TASK DETAILS >>
Shown below is a listing with pictures; reproduce exactly, and only, the lines between the ones containing "how to sit on a dinner date" and "Children Room Themed Wallpaper", inclusive, leaving the pictures out.

* * *

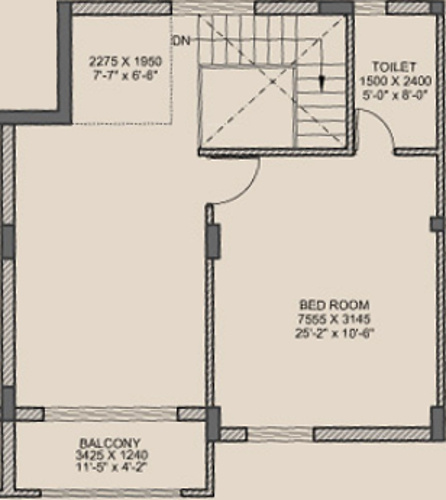 Remus Postcard Portico Apartments (3BHK+3T (2,073 sq ft) 2073 sq ft)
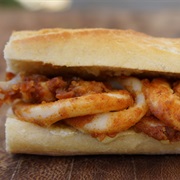 Bocadillo De Calameres (Spain)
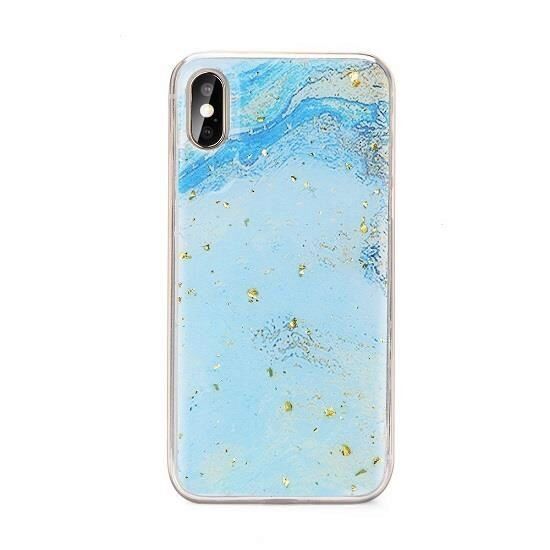 Husa Compatibila cu Apple iPhone 6,iPhone 6S- iberry Marble Glitter Jade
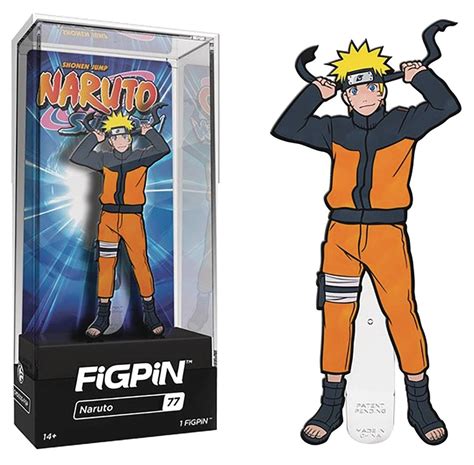 Naruto Shippuden Figpin Naruto Uzumaki 3 Collectible Pin Cmd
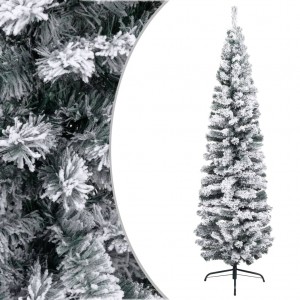 Árbol de Navidad artificial verde con nieve PVC 180 cm D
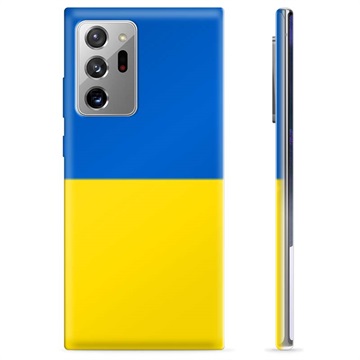 Capa de TPU Bandeira da Ucrânia  para Samsung Galaxy Note20 Ultra  - Amarelo e azul claro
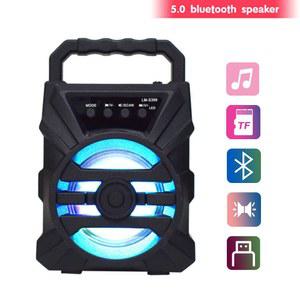 블루투스 스피커 사운드 박스 고출력 TF Udisk 노래방 핸드 헬드 춤용 서브 우퍼 500mAh
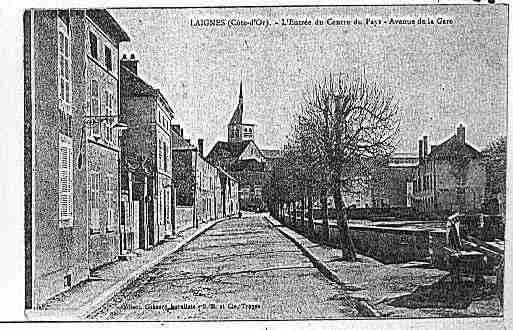 Ville de LAIGNES Carte postale ancienne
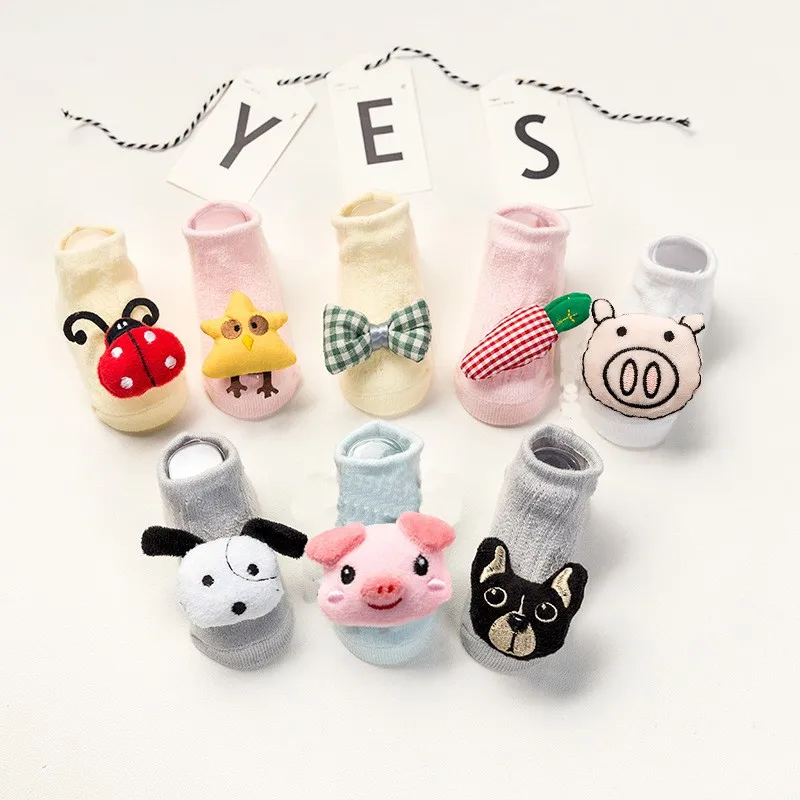 Носки для малышей резиновый противоскользящий пол с героями мультфильмов детей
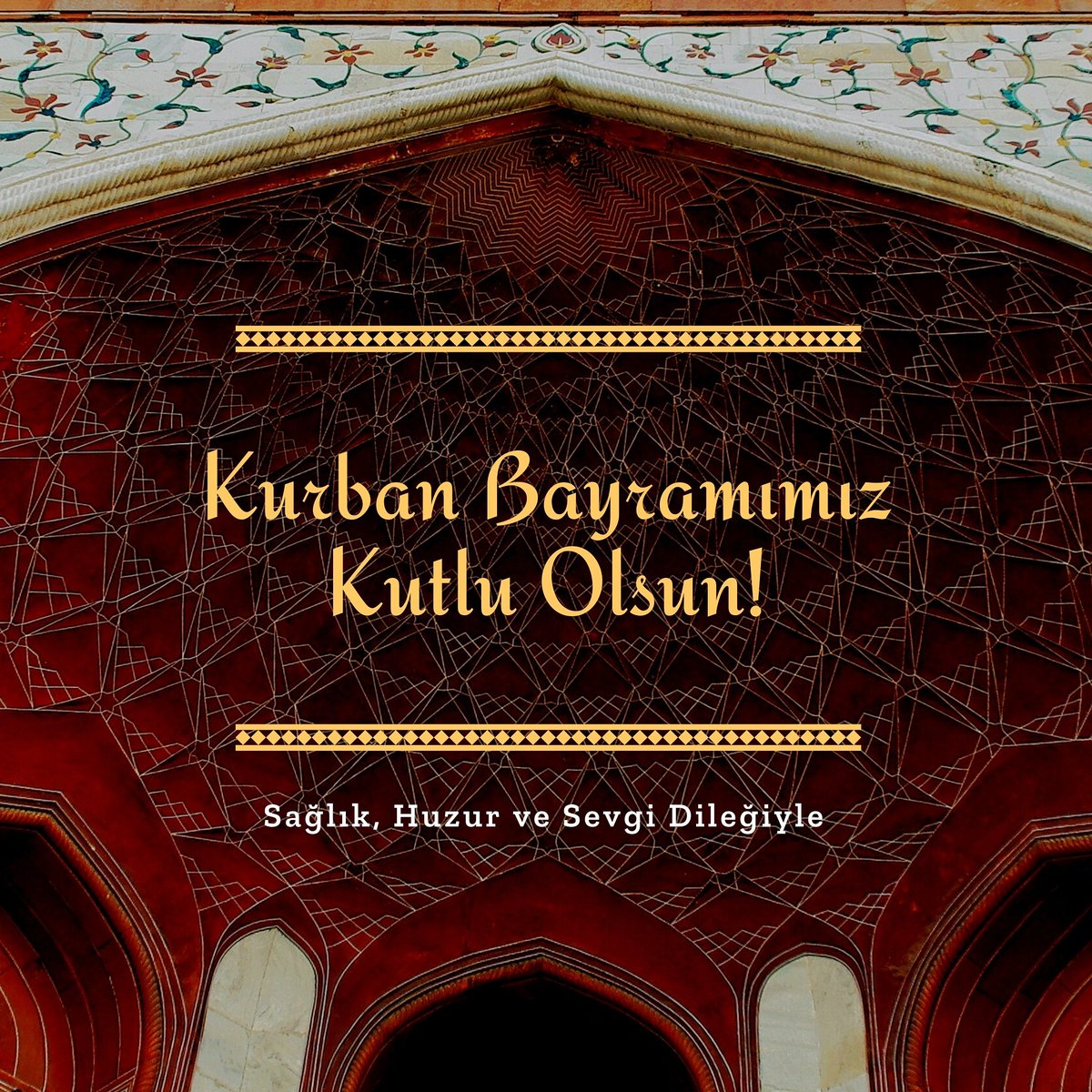 Kurban Bayramınız Kutlu Olsun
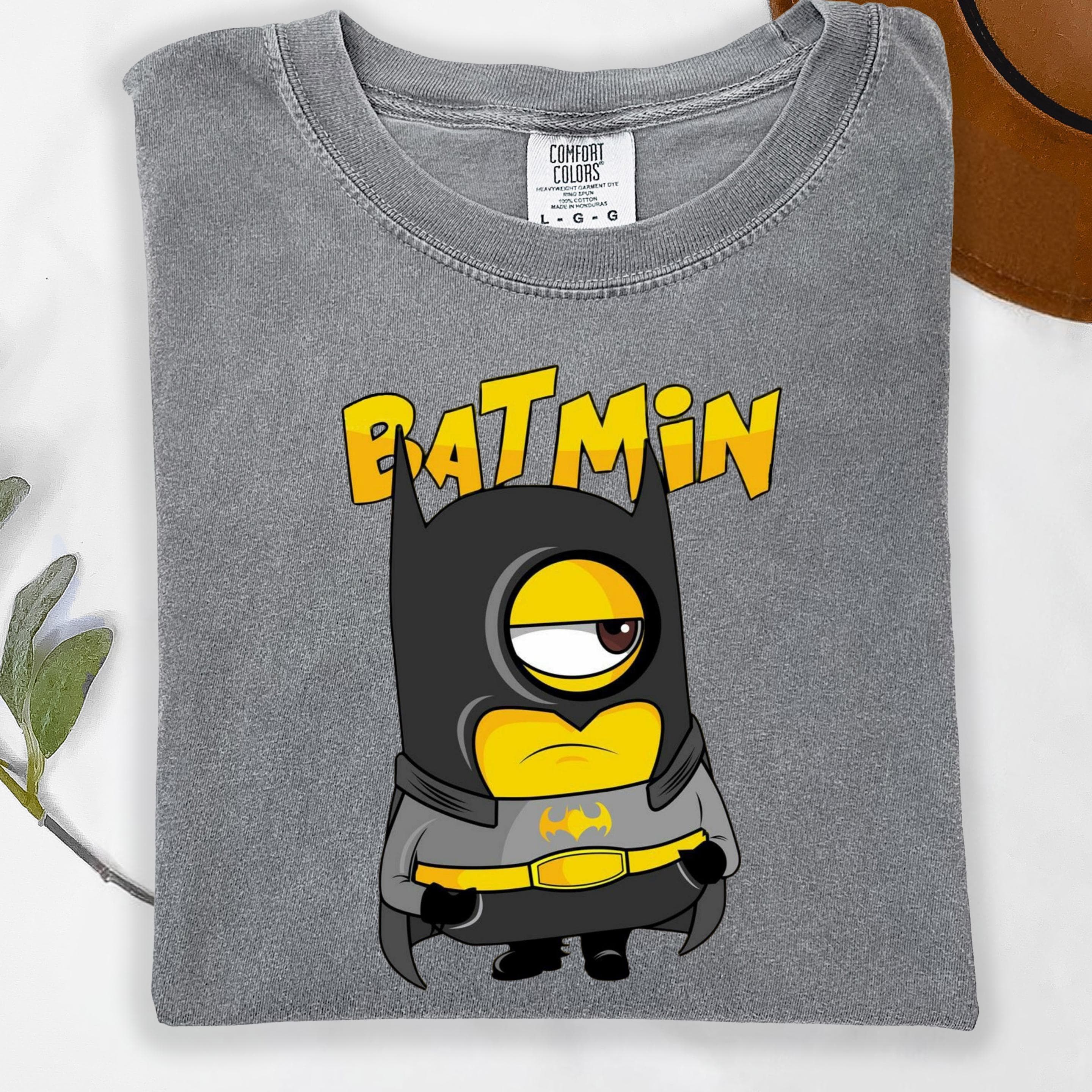 Batmin parody T-shirt,Batmin Tshirt,Exhausted Hero Graphic Tee,Meme Humor Apparel, Im Batman,İronic Tee,batman inspired - image 3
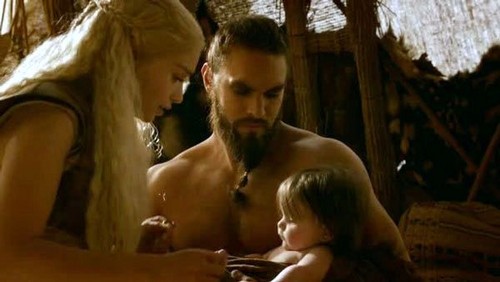  Dany and Drogo with Rhaego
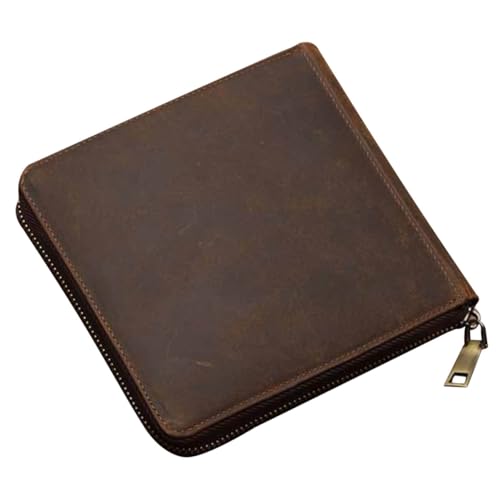 Boîte montre de voyage en cuir véritable style vintage HEMOTON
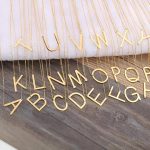 ⁦Letter Charm - Elegant English Alphabet Necklace for Valentine's Day, Suitable for Lovers, Fashion Enthusiasts, Women and Girls, Makes a Stunning Gift for Fashion and Love Celebrations⁩ - الصورة ⁦9⁩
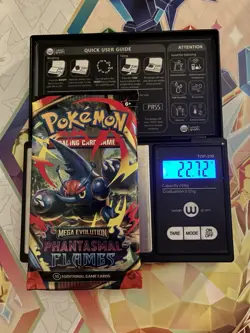 Heavy! 22.72g Pokemon TCG ME Phantasmal Flames Pack Sealed! - Image 1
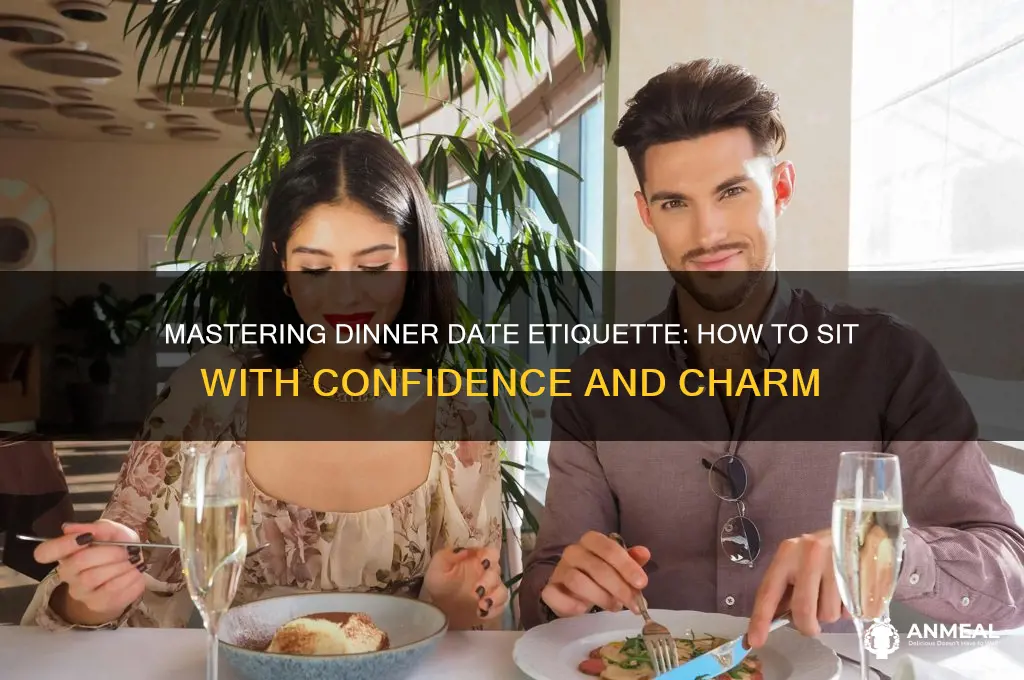 how to sit on a dinner date
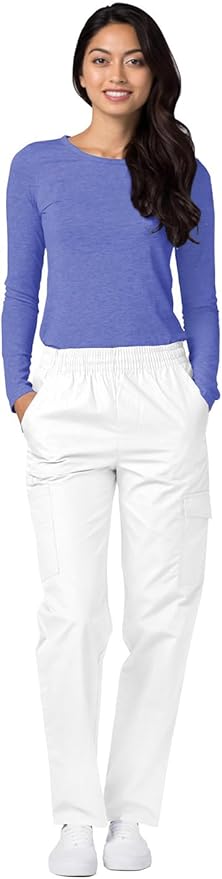 Adar Underscrubs for Women 3 Pack - Long Sleeve Underscrub Comfort Tee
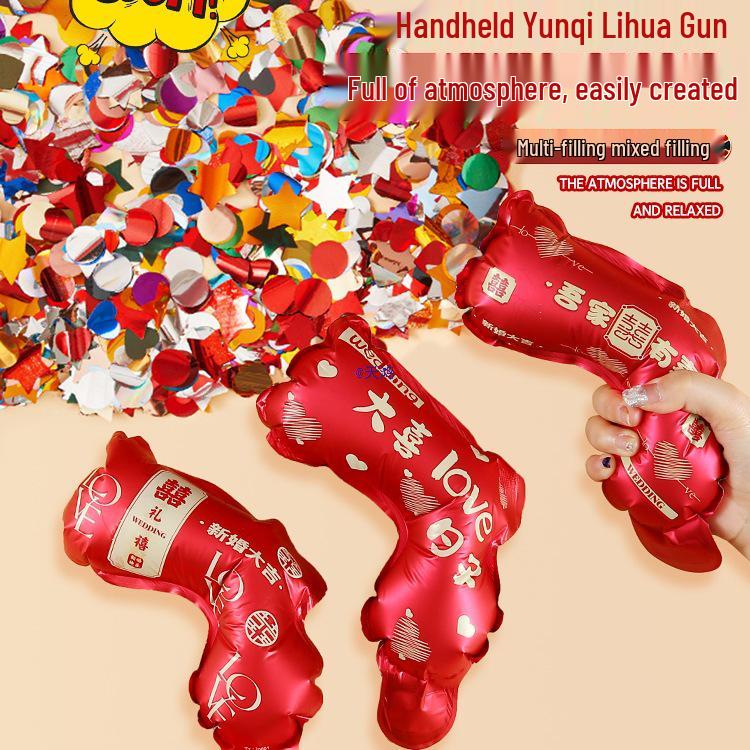 Creative Wedding Confetti Cannons & Photo Props Collection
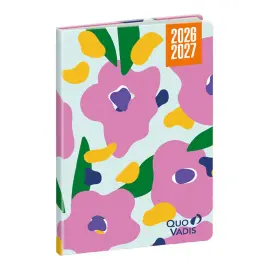 Agenda ann&eacute;e scolaire 2026-2027 Hebdocolor 15 - Semainier Horizontal Fran&ccedil;ais - Canopy Abstrait - 12 mois de ao&ucirc;t &agrave; juillet - 10x15 cm - Quo Vadis photo du produit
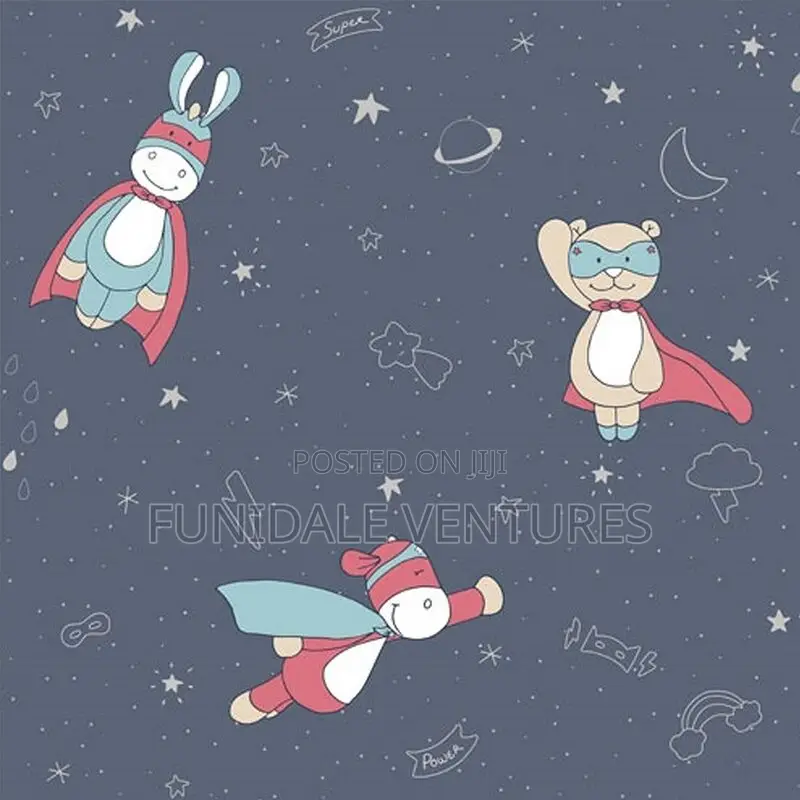 Children Room Themed Wallpaper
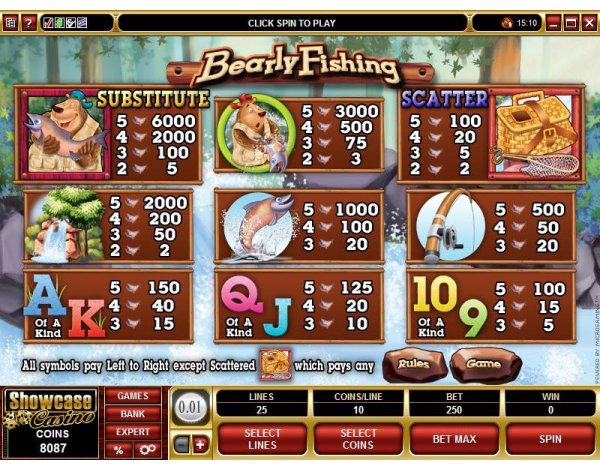 Microgaming 5 reel slot machine image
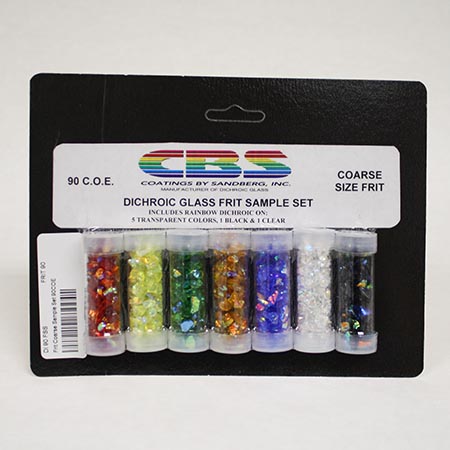 Colored Dichroic Frit 90 COE Sample Set Colored Dichroic Frit 90 COE Sample Set photo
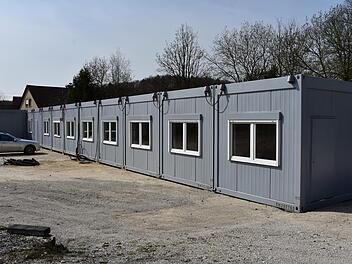 Die  Containeranlage wird  das Ausweichquartier für die Schüler in Hiltpoltstein. Foto: Petra Malbrich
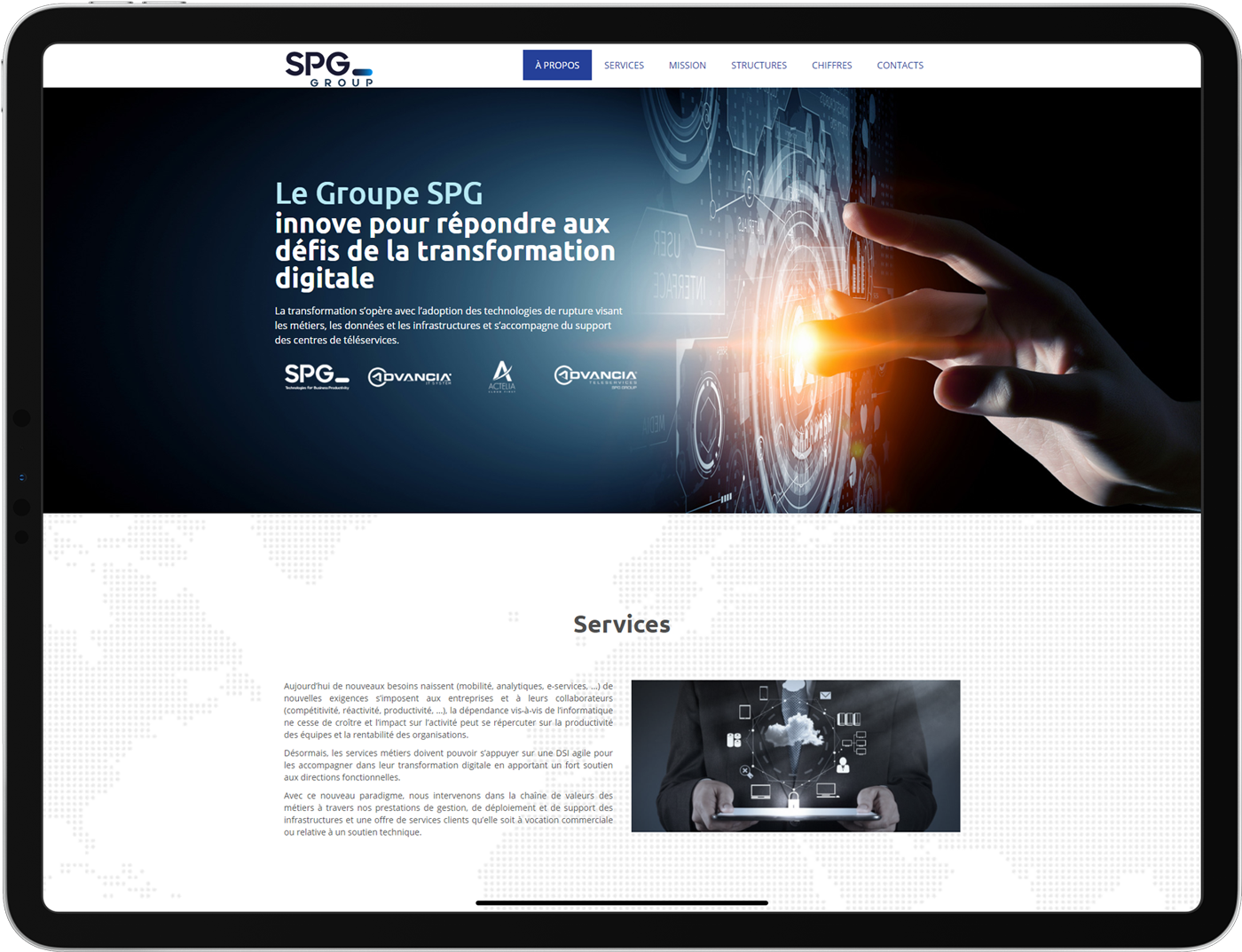 spg groupe com 75cdb93a Agence Web Joomla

* * *

ANSWER TO THIS TASK >>
 how to sit on a dinner date
 Adar Underscrubs for Women 3 Pack - Long Sleeve Underscrub Comfort Tee
 Creative Wedding Confetti Cannons & Photo Props Collection
 Agenda ann&eacute;e scolaire 2026-2027 Hebdocolor 15 - Semainier Horizontal Fran&ccedil;ais - Canopy Abstrait - 12 mois de ao&ucirc;t &agrave; juillet - 10x15 cm - Quo Vadis photo du produit
 Children Room Themed Wallpaper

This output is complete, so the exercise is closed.